Operating losses are the bill that comes due when the show is over. In simple terms, these are the seasons when a club’s operating expenses outstrip its revenue, and the team records a negative operating income. For MLB front offices that chase wins with massive spending, operating losses have become a regular part of the story.
In recent years, the biggest operating losses have clustered around a familiar group. New York, Chicago, San Diego, Toronto, Minneapolis. Different markets, same math problem. You push payroll, tax payments, and stadium investments to the limit, and the operating line turns into a warning light.
This list looks at the teams that leaned hardest into that tradeoff and wound up with the largest reported operating losses in the modern era of aggressive spending.
Why Operating Losses Matter
Operating losses do not mean an MLB team is broke. Franchise values keep climbing, media deals stretch for decades, and owners can tap outside businesses or future borrowing. Still, a heavy operating loss puts real pressure on how a club behaves in the next cycle.
It can affect everything fans actually feel. Roster churn instead of extensions. Deferred money instead of fresh commitments. Payroll cuts right when a core should be getting help. And for small or mid tier revenue clubs, a big single season loss can push ownership straight into a reset.
The other reason this matters is competitive balance. Recent Forbes work shows that league wide EBITDA would have ticked up in 2022 if not for a handful of very aggressive spenders, led by the Mets and followed by the White Sox, Padres, Blue Jays, and Twins, all running large operating losses while carrying their highest payrolls of the era.
Those clubs were not reckless. They were making a choice. Spend today, worry about the books later. This list is about what that choice looked like when the accountants closed the year.
This ranking uses Forbes Business of Baseball estimates for the 2022 MLB season and follow up reporting from trusted outlets, weighted first by the size of each team’s single season operating loss, then by how far payroll sat above league norms, with ties broken by context such as revenue base, tax payments, and trajectory in the standings.
The Costly Seasons That Stand Out
1. Mets Operating Losses Go Nuclear
For the modern story of operating losses, you have to start in Queens. Forbes estimates that the New York Mets posted an operating loss of roughly 138 million dollars for the 2022 season, by far the worst figure in the league that year.

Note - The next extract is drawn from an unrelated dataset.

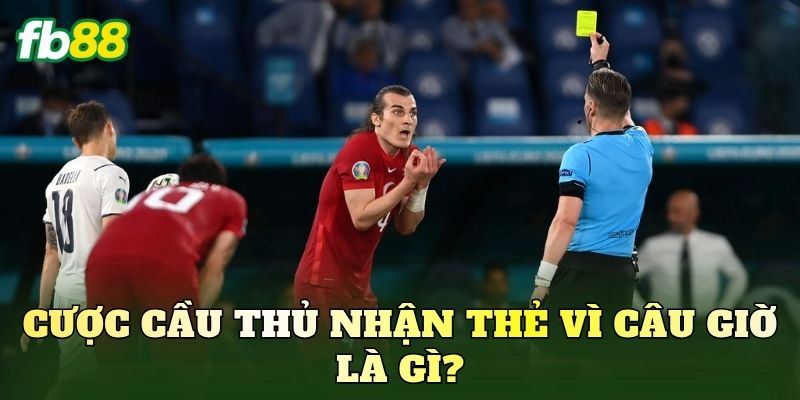 Cược cầu thủ nhận thẻ vì câu giờ là gì?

Here is the thing. That loss came in a season when the Mets actually won. They went 101 and 61, shared the best record in franchise history, then fizzled in the Wild Card series at Citi Field. The defining moment off the field was Steve Cohen telling everyone he was going to spend, then proving it. Payroll pushed near the top of MLB in 2022, then soared past 300 million dollars plus a record competitive balance tax bill in 2023, when total player costs neared 420 million dollars.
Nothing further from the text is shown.